The shock is equally impressive. We ran the sag at 102mm for both tracks we tested on. The shock handles square-edge straights without swapping or deflecting. However, it did seem to have a small problem when encountering rough and choppy ruts. The shock didn’t want to squat down in the rear coming out of corners. We turned out the low-speed compression to soften the rear but it only hindered the bike’s ability to land off jumps without bottoming. Again, heavier or aggressive riders will wish for a firmer spring out back.Ergos are really comfortable even for taller riders. You can get up on the tank easily thanks to the flat seat surface. The on-the-fly clutch adjuster is a welcome touch. Good Excel rims are laced up on the blue tiddler and Yamaha even offers the consumer a heavier flywheel for different track conditions. The new brakes are as powerful, if not slightly better when compared to ’02 YZs.
With all this in mind, the YZ125 is a great package once again for 2003. Is it the best 125? Only time will tell, and shootout time is coming!What’s hot!
•Improved pull down low
•More top-end power
•Better gear spacing
•Very stable at speed
•Suspension offers an improved feel over ’02
The ’02 YZ125 was a very fast and stable machine, but the ’03 is even better. The power is a little broader–if you can believe that. As soon as you get on the new Yamaha, you can feel the extra boost in bottom-end power. Top-end is slightly improved and the chassis is very stable at high speeds. The YZ is very predictable and does not do anything to surprise the rider. I would, however, like a 50-tooth rear sprocket for most tracks. The suspension was OK for fast, choppy tracks without any big hits, but if you have anything bigger than a tabletop jump at your local track, then you might want to consider heavier springs for both ends. The 2003 YZ125 is a great bike with little improvements that make it an even better bike than last year’s, and that won the 125 shootout. But it is no 250F, though, is it?
–Kris Keefer/5’11″/165 lb/Pro
Much like the YZ250, this year’s YZ125 has remarkable throttle response and very crisp power.
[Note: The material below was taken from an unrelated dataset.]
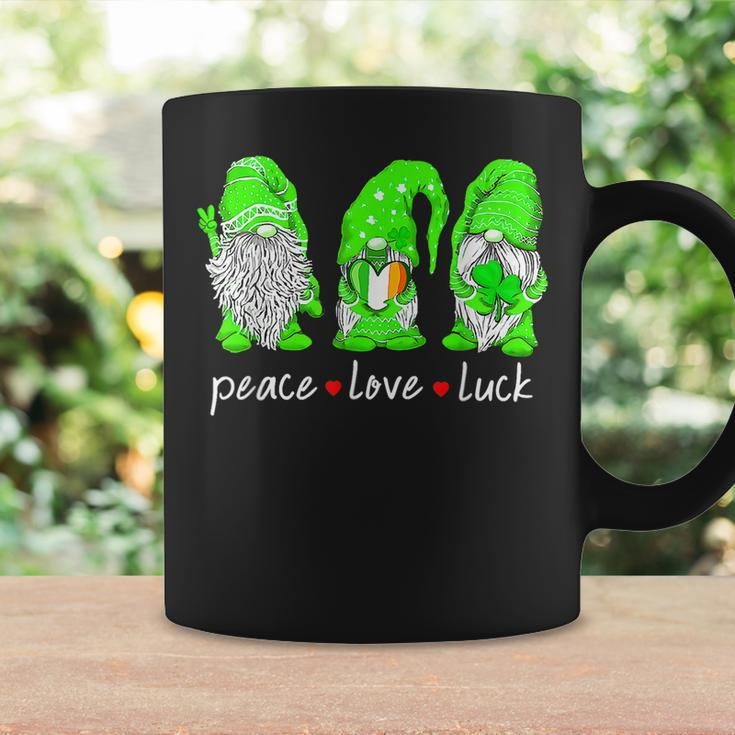 St Patricks Day Gnome Peace Love Luck Heart Shamrock Funny Coffee Mug Gifts ideas
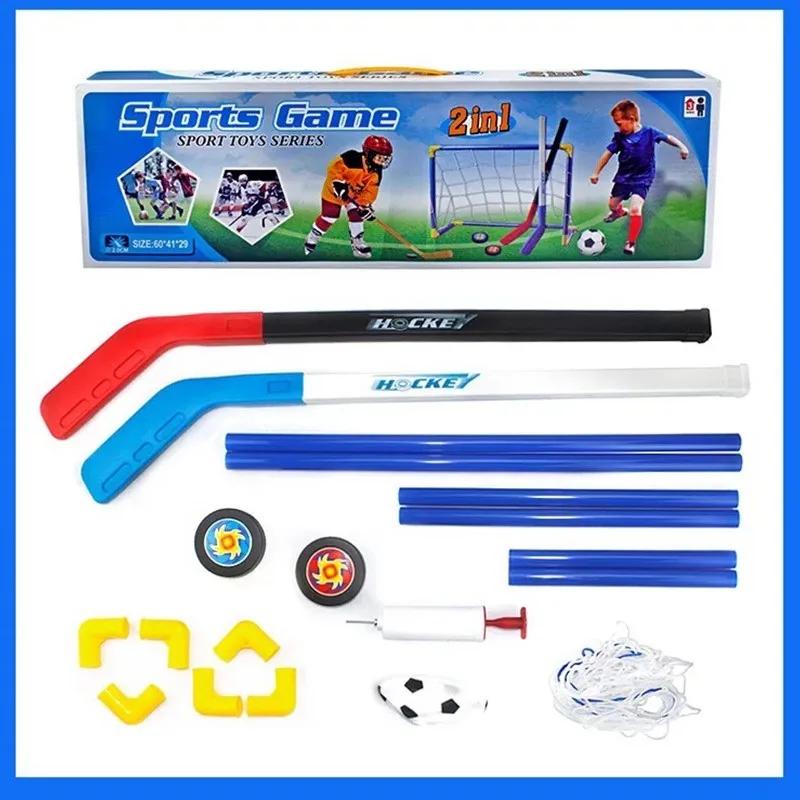 Mini Folding Kids Indoor/Outdoor Durable Football Training Sport Play Games Kit Portable Soccer Ball Net Goal Set Children Gift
Yamaha’s ’03 125 displays all the characteristics of last year’s DR shootout winner with bigger bottom-end power and further revving ability. After riding the new YZ, I could not believe the boys in blue had managed to squeeze even more power out of last year’s very impressive engine. Being right at the weight limit for a competitive 125 pilot makes me very sensitive to motor performance. The new YZ had no problems pulling me around the track, giving me plenty of boost to clear all the jumps. With the bike’s light weight and nimble feel, getting into any line on the course was no problem. Front to back the suspension was very balanced but had a slightly harsh midstroke. With better power and the same plush qualities as last year’s the new YZ125 has a great shot at repeating its shootout results.